The launch of Fluxus was motivated by 'frustration with limited access to customers and a faith in the future of contemporary jewellery'. The name 'Fluxus' was chosen 'for two reasons: for its reference to the 'flowing' agent, like Borax, that goldsmiths use and for the idea of flux, or change, which is part of the Gallery's philosophy of adapting to the needs of the artists and the community'. The gallery was modelled on Auckland's Fingers, functioning as a cooperative. In addition to the jewellers selling their own work a production line of jewellery was made and sold under the Fluxus name.

==Curatorial roles==

Bosshard was a member of the selection panel for the influential 1988 Bone Stone Shell exhibition of contemporary New Zealand jewellery. In 1996 he curated the second New Zealand Jewellery Biennial, titled Same But Different, at The Dowse Art Museum. The exhibition had two key themes: 'that contemporary jewellery should remember the needs of the wearer; and that production jewellery was an honourable and important part of contemporary jewellery'.

==Recognitions==

In 2012 Bosshard was recognised as a Master of Craft by Objectspace, an honour accompanied by a major touring retrospective exhibition and publication.

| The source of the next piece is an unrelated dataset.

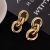 Street Shot Ear Rings Europe and America Creative Simple Elegant Earrings O Chain Metal Texture Earrings Direct Supply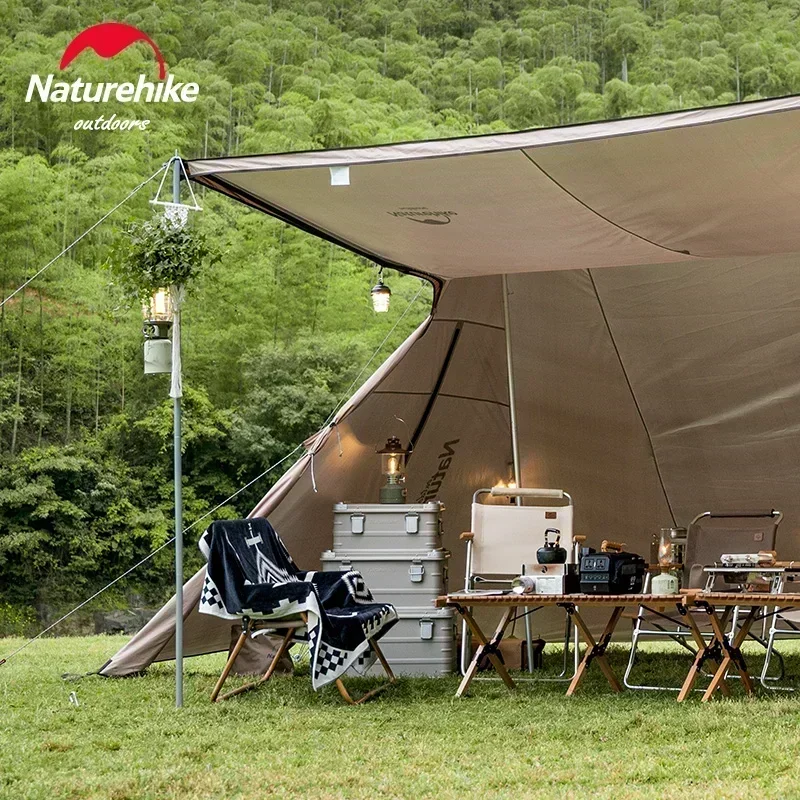 Naturehike Cloud Desk Outdoor Camping Tents Sunscreen Awning Large Space Twin Tower A Canopy Sun Shelter With Screen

==2017 documentary 'Kobi'==

A documentary about Bosshard's life and work, 'Kobi', will premiere at the 2017 New Zealand International Film Festival in July 2017. The film is produced by Torchlight Films and directed by Bosshard's daughter, film maker Andrea Bosshard.

==Collections==

Bosshard's work is held in the Auckland War Memorial Museum, the Museum of New Zealand Te Papa Tongarewa and The Dowse Art Museum.